Pakistani Leader: We Fight Terrorists

Team Infidel

Forum Spin Doctor
Miami Herald
January 15, 2007
'Any doubts about Pakistan's commitment to fighting terrorism, we totally reject,' Pakistan's prime minister said.

WASHINGTON (AP) -- Pakistan's prime minister on Sunday rejected claims by the U.S. intelligence chief that al Qaeda leaders have secure hide-outs in his country.
Shaukat Aziz said Pakistan was aggressively fighting terrorism and committed to hunting down members of Osama bin Laden's network.
''Any doubts about Pakistan's commitment to fighting terrorism, we totally reject,'' Aziz said.
National Intelligence Director John Negroponte told a Senate committee last week that leaders of both al Qaeda and Afghanistan's former ruling Taliban militia are finding shelter in Pakistan's lawless frontier areas.
Aziz said he had no knowledge of the intelligence cited by Negroponte that top al Qaeda leaders, including bin Laden, maintain active connections to affiliates in other parts of the world from their safe havens in Pakistan.
''The fact is that nobody knows where they are, nobody knows what they are doing at this stage,'' Aziz said. ``Certainly if Pakistan has any knowledge, directly or indirectly that they are in our territory, which we don't think is the case, we would go after them.''
Aziz acknowledged that the long border between his country and Afghanistan has been porous.

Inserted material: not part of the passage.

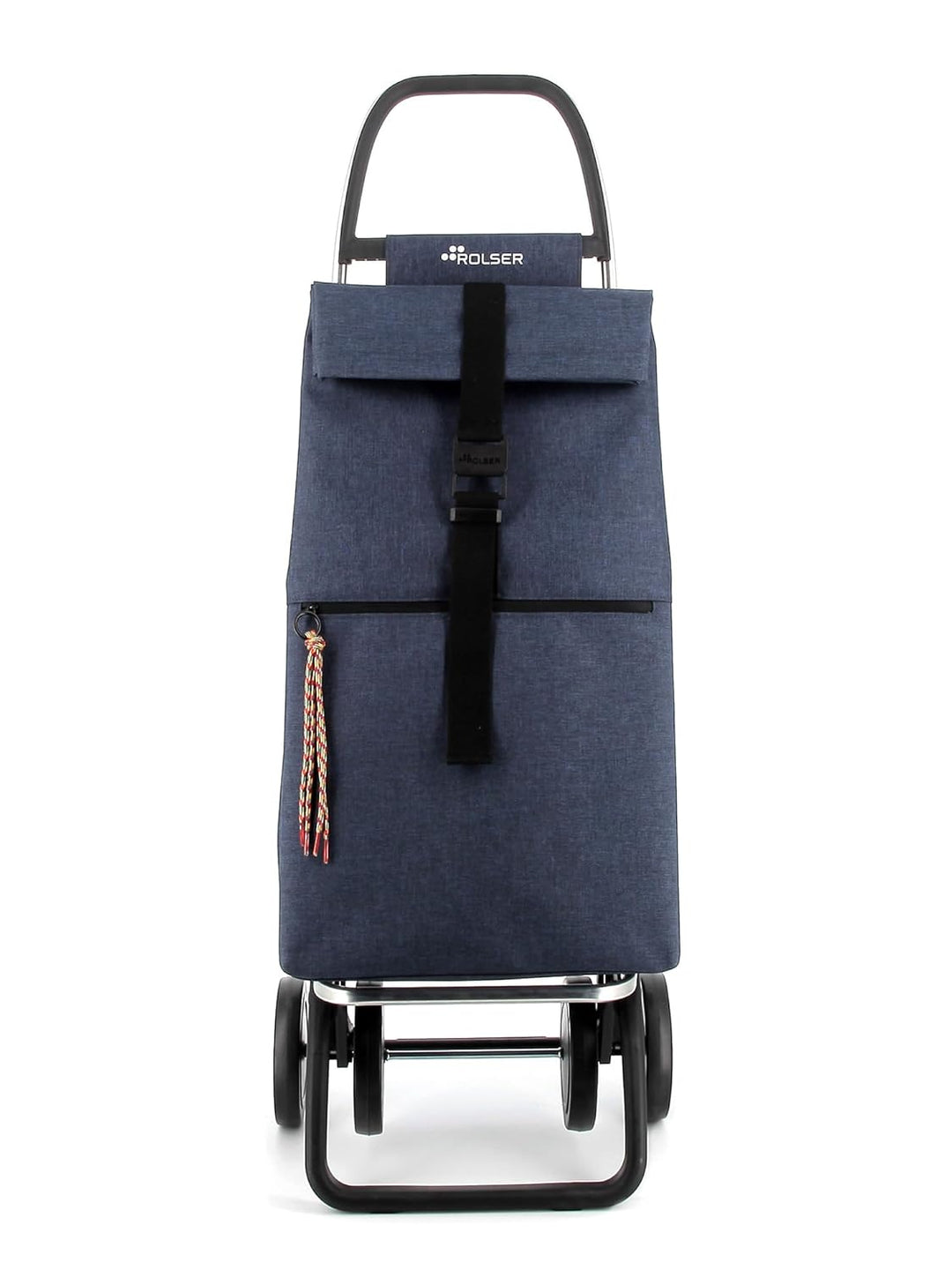 Einkaufstrolley Rolser Big Tweed 4 Räder - Marino 4 Räder Marino, 4 Räder Marino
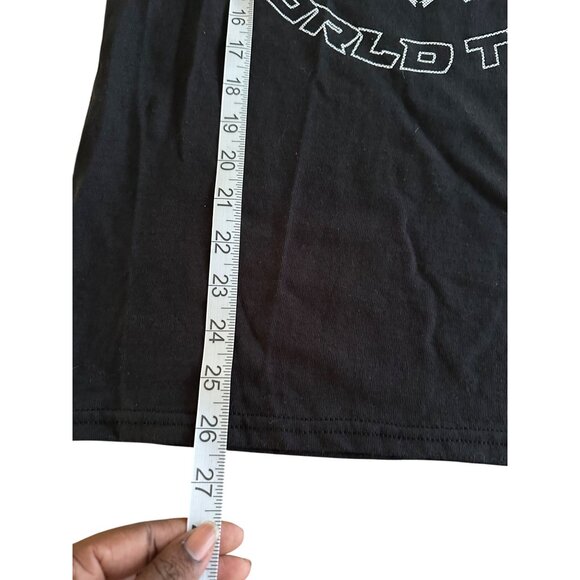 Journey Freedom World Tour 2023 T-Shirt S/P Black 100% Cotton - Picture 4 of 10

The Afghan government and NATO forces, which patrol the border region, say Taliban and al Qaeda guerrillas are launching attacks on their forces in Afghanistan from Pakistan.
But Aziz suggested that security problems in the region stemmed from militants infiltrating Pakistan from Afghanistan.
''There is no institutional support from our government to provide safe haven to anyone,'' he said. ``If some people do creep in they are dealt with according to the law.''
Aziz said that it was possible that elements of the Taliban movement may be hiding among Afghan refugees in camps near the Pakistani city of Quetta.
''It is entirely possible that as normal Afghans who cross the border every day, thousands of them a day in the Quetta area, Taliban elements may come through,'' he said.
Aziz said Pakistan was working to tighten border security and is committed to aiding Afghanistan develop. He dismissed claims by Afghan President Hamid Karzai that Pakistan is trying to undermine its neighbor.
''If there is one country that wants a strong, stable and peaceful Afghanistan, it's Pakistan,'' he said.
The prime minister was interviewed on Late Edition on CNN.